I’m going to start with DGELS as you mentioned. Then maybe I will consider using ScaLAPACK, although I have not been successful in using it before.

@DavidB, thank you for your suggestions. I’m currently using Intel MKL, I will try the other libraries.

You may not get much improvement over Intel MKL. I’d look elsewhere.

If your matrices are sparse you can also consider ARPACK. You can try it from SciPy in python to see if it fits your needs svds(solver=’arpack’) — SciPy v1.11.4 Manual. If it does, there are some discussions and sources for ARPACK here Modernizing Arpack

This recent paper may be a start into the literature.

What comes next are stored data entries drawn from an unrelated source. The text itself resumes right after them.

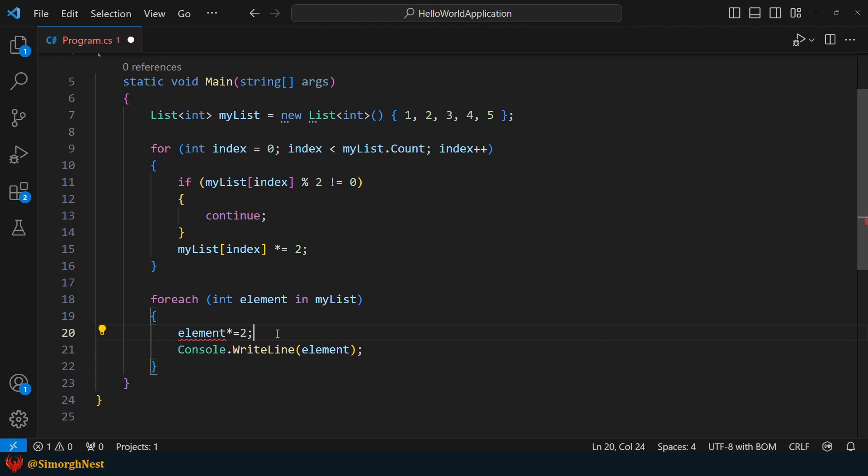Alright, as we mentioned, both the for and foreach loops have their advantages and disadvantages. We recommend using the foreach loop as the preferred choice and resorting to the for loop only when necessary. Okay, done, see you soon in the next lecture.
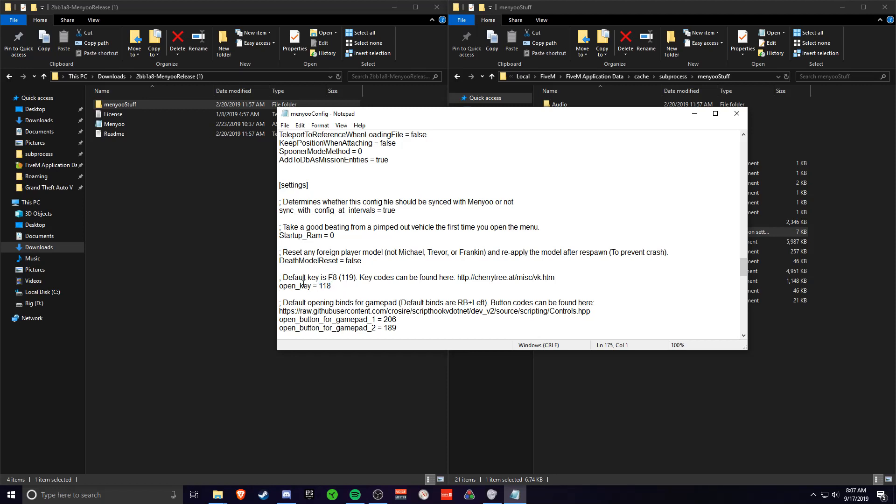Then you just want to change the open key. This will be 119. You just want to change that to 118. So it's F7 and not F8 to open up Menio for 5M.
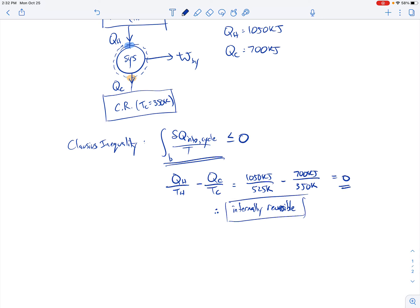Since the Clausius inequality evaluates to exactly zero, this cycle is internally reversible. The equal sign only holds true for an internally reversible system. If there were irreversibility it would be less than zero, and if it were impossible the integral would be greater than zero. But we found it equals zero, so the cycle is internally reversible.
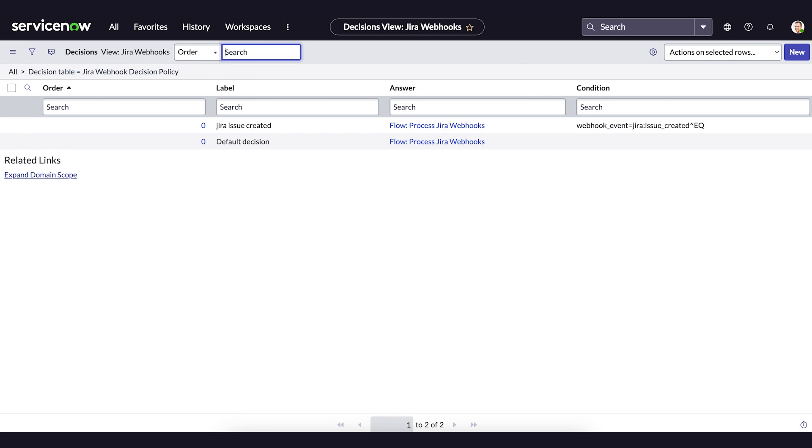Let's create a bi-directional JIRA webhook in our ServiceNow instance so that we can receive real-time notifications from JIRA about events like issue creation, updates, and resolutions.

Jung, J., Sael, L. Fast and accurate pseudoinverse with sparse matrix reordering and incremental approach. Mach Learn 109, 2333–2347 (2020). Fast and accurate pseudoinverse with sparse matrix reordering and incremental approach | SpringerLink

1 Like

I may be way off base, but if the matrix is sparse, would adding a statement

if( U(j, irank).eq.0.) cycle

before the inner loop save n multiply/add/divides at small cost for each non-zero U(i,rank) element?

@zoziha, thank you for your comparison.
The pseudo-inverse without SVD (full rank) is obviously faster, but I think using SVD provides more accurate solutions. Here are the relative errors:

using pinv: 6.273484339772714E-015
using linv: 4.771404614080608E-014

In some cases, SVD also allows for the use of low rank, which can lead to faster computations (I guess). I will test this solution.

I have noticed that using a larger lwork parameter in the dgesvd function yields slightly better performance.

dgesvd('A', 'A', m, n, A, m, S, U, m, VT, n, work, lwork, info)

Here are the results:
With lwork = huge(lwork): cpu= 25.03 user= 24.55 sys= 0.48 wall= 2.89

And with a smaller lwork: 'cpu= 28.70 user= 28.24 sys= 0.46 wall= 3.34`

@hkvzjal, thank you for your suggestion. I will investigate it.

@feenberg You mean like this?

  do irank = 1, min(n, m)
     do j = 1, m
        if (U(j, irank) == 0.) cycle
        do i = 1, n
           Apinv(i, j) = Apinv(i, j) + VT(irank, i) * U(j, irank) / S(irank)
        end do
     end do
  end do

The SVD of a sparse matrix does not necessarily result in zero left singular vectors.

@zoziha, after making some improvements, I achieved better performance with SVD. Here are the results for A(10000,1000):

linv (without SVD): Elapsed CPU time: 11.50686
pinv (SVD)        : Elapsed CPU time: 7.912435

for A(100000,1000):

linv (without SVD):  Elapsed CPU time:    162.8467    
pinv (SVD)        :  Elapsed CPU time:    60.14035

The updated version is available on GitHub.

1 Like

I’m not sure what that exactly means. Did you allocate a work(:) array of length huge(lwork)?

The optimal value of lwork is returned by DGELS() in the first element of the work array when you input lwork=-1 . One typically does something like

real(wp) :: work1(1)
real(wp), allocatable :: work(:)
call dgels(...work1,-1....)  ! memory allocation query.
lwork = nint(work1(1))
allocate( work(lwork) )
call dgels(,lwork...)  ! actual solution.

This is kind of clunky, but it is flexible. It allows, for example, a single workspace allocation to be reused for several solutions, so it minimizes the allocation/deallocation overhead.

[edit] I just noticed that you were talking about DGESVD() rather than DGELS(), but the same memory allocation approach works in either case.

In any case, I would suggest using the LAPACK routines to get a feeling for how the problems scale and what kinds of accuracies to expect with various singular value thresholds, and then explore the various sparse matrix options with that reference. So even if you end up not using the LAPACK code, those initial experiments are not wasted effort.

1 Like

@RonShepard, I didn’t know that setting lwork=-1 calculates only the optimal size of the work array. I have corrected it.